To find a computationally efficient find tuning method, I first examine how different components of BERT change during full fine-tuning and identify LayerNorm as a key component. I show that LayerNorm has the highest Fisher information among all components of BERT. This is consistent with findings from other studies, which show that—unlike other components—the performance of BERT-family models degrades significantly when LayerNorm is disabled. This further underscores the critical role of this component. Based on these observations, I perform parameter-efficient fine-tuning by training only the LayerNorm component. My results demonstrate that fine-tuning only LayerNorm achieves comparable performance to another state-of-the-art parameter-efficient tuning (bias-only tuning), while requiring just one-fifth the number of parameters. Moreover, I show that strong performance can still be obtained when only a portion of LayerNorm is trained. Importantly, this portion can be selected based on information from the target downstream task or even from other tasks, without sacrificing performance. Achieving strong results with subsets of LayerNorm chosen from unrelated tasks highlights that these subsets can be optimized in a problem-agnostic manner.
Mathematical analysis and improvement of IS-LDPC codes
📄 Paper
Peak-to-Average Power Ratio (PAPR) is a major shortcoming of Orthogonal Frequency Division Multiplexing (OFDM) systems. One promising solution to this issue is the use of Invertible-Subset Low-Density Parity-Check (IS-LDPC) codes. Although IS-LDPC codes are particularly effective at controlling PAPR with low search complexity, their error-control performance degrades as the number of invertible subsets increases.

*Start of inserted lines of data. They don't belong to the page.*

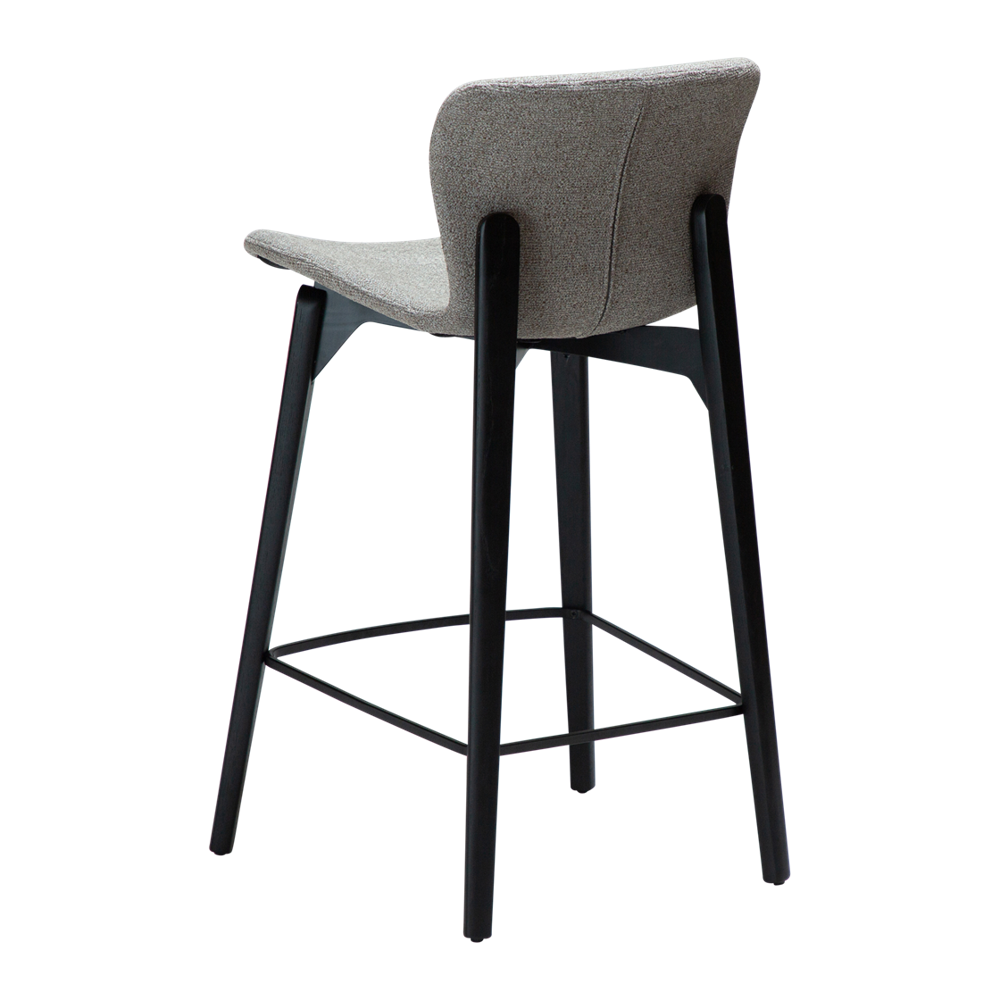 Dan-Form Paragon counter stool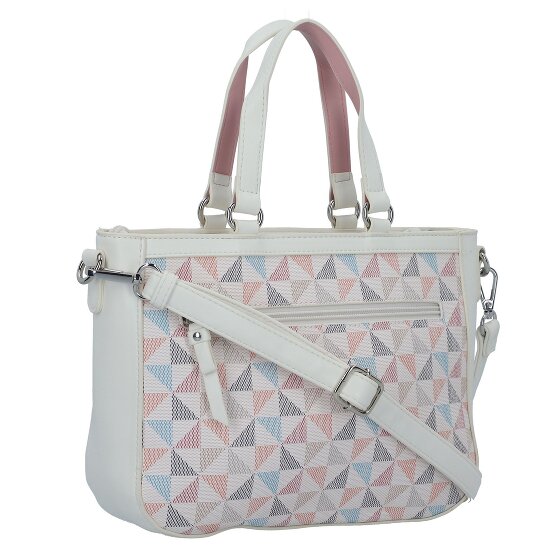 Gabor Meria Sac à main 30 cm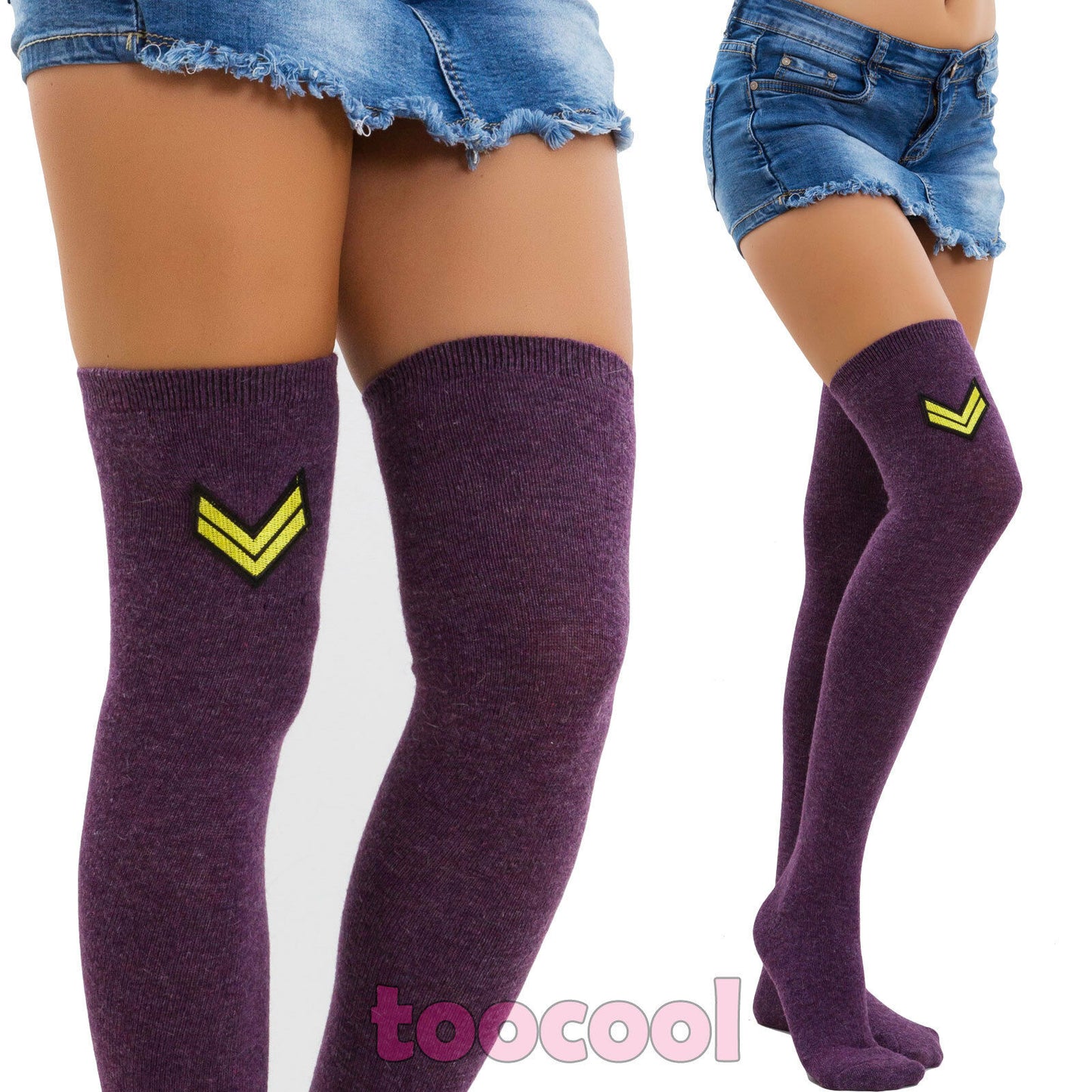 immagine-26-toocool-calze-parigine-donna-angora-s4953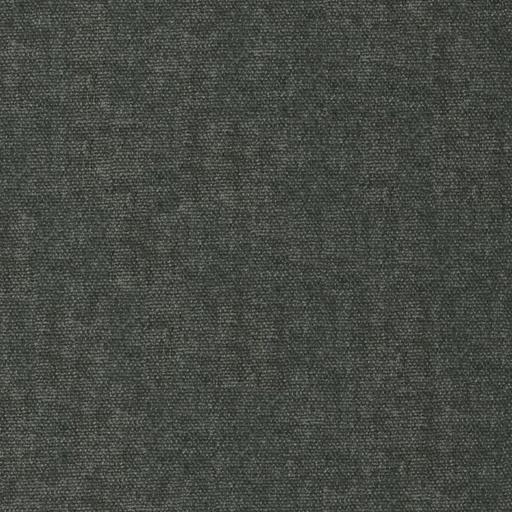68d007580845b54836625c94.jpg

To investigate the reasons for this performance degradation, I conducted a mathematical analysis of the code construction and proved four theorems that determine the probability of key events in the construction of such codes, while also establishing bounds on the decisions that influence their performance. Based on these theorems, I proposed a heuristic search method designed to enhance the error-control performance of IS-LDPC codes, while maintaining their favorable PAPR control characteristics and low search complexity. Computer simulations show that the proposed method decreases the bit error rate (BER) and frame error rate (FER) across different configurations of IS-LDPC codes.